Since Hasina was first elected in 2008, she has been credited for overseeing an economic revival in Bangladesh that has seen the country rise to become one of the strongest economies in south Asia. But her four terms in office have also been defined by democratic backsliding and increasingly authoritarian measures against dissent or any form of political opposition.
According to the office of the BNP, since 2009 more than 138,000 cases have been filed against more than 5 million leaders, activists and supporters of the BNP and its member organisations.
Mohammad Ashrafuzzaman of the Capital Punishment Justice Project, who has been documenting human rights abuses in Bangladesh for over a decade, said that “gross human right violations” had systematically been used against the opposition “including enforced disappearances, extrajudicial killings, maiming, torture, ill-treatment, and massive arbitrary detention of the opposition activists in fake criminal cases to crush the opposition whenever the elections ensued in Bangladesh.”
The previous election in 2018 was marred with allegations of opposition harassment and widespread vote-rigging, and was widely decried as non-democratic. Most now assume that similar scenes will unfold in January.
The international community has been attempting to step in and pressure Hasina into holding free and fair elections. This week the British high commissioner met BNP leaders to call to “eschew violence … and hold free, fair and participatory elections”. The US government recently imposed visa restrictions on unnamed government officials “for undermining the election process” and last month the US ambassador to Bangladesh called for Hasina to have a dialogue with the BNP.
Hasina hit back, accusing the US administration of hypocrisy. “Is Biden having a dialogue with Trump? The day they have a dialogue, I will also have a dialogue with the opposition,” she said.
Analysts say that Hasina’s government now has the judiciary and the police fully under its control, and has weaponised them in her fight against the opposition. This week, a video clip captured police officers patrolling with a group of armed Awami activists chanting “capture BNP people, one by one, and slaughter them all”.
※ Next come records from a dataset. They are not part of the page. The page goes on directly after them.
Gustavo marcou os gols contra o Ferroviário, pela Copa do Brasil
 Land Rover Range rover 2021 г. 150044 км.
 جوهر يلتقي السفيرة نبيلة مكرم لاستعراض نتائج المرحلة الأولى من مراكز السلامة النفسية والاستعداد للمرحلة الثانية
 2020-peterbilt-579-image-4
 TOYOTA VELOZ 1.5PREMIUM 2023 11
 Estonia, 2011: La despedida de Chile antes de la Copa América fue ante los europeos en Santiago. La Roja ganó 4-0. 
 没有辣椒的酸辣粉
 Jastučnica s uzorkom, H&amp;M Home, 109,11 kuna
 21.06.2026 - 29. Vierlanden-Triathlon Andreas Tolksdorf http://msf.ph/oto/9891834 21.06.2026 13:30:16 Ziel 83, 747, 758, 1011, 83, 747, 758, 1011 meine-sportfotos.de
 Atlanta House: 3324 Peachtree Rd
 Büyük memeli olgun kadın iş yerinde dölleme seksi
The government and police deny that the mass arrests of the BNP members are connected to the forthcoming elections. “These criminal cases have no connection with politics,” said the law and justice minister, Anisul Huq. Senior Awami League leadership figures did not respond to requests for comment from the Guardian.
Mohammad Faruk Hossain, spokesperson of Dhaka Metropolitan police, said that they had filed cases “only after it is found that they have been involved in criminal activities” and said that the arrests were of those responsible for the killing and injuring of police officers on the 28 October rally.
Yet Mubashar Hasan, a political analyst, said that Hasina’s oppressive methods were only fuelling momentum behind the BNP, which is experiencing a groundswell of grassroots support in the wake of the faltering economy and soaring inflation. As well as political activists, labourers and poorer workers turned out in droves at the 28 October rally.
“The BNP rallies have successfully tapped into the pulse of the common people,” he said. “The government’s heavy-handed crackdown appears to be a calculated move aimed at dissuading BNP’s burgeoning momentum from evolving into a full-blown mass movement against the existing administration.”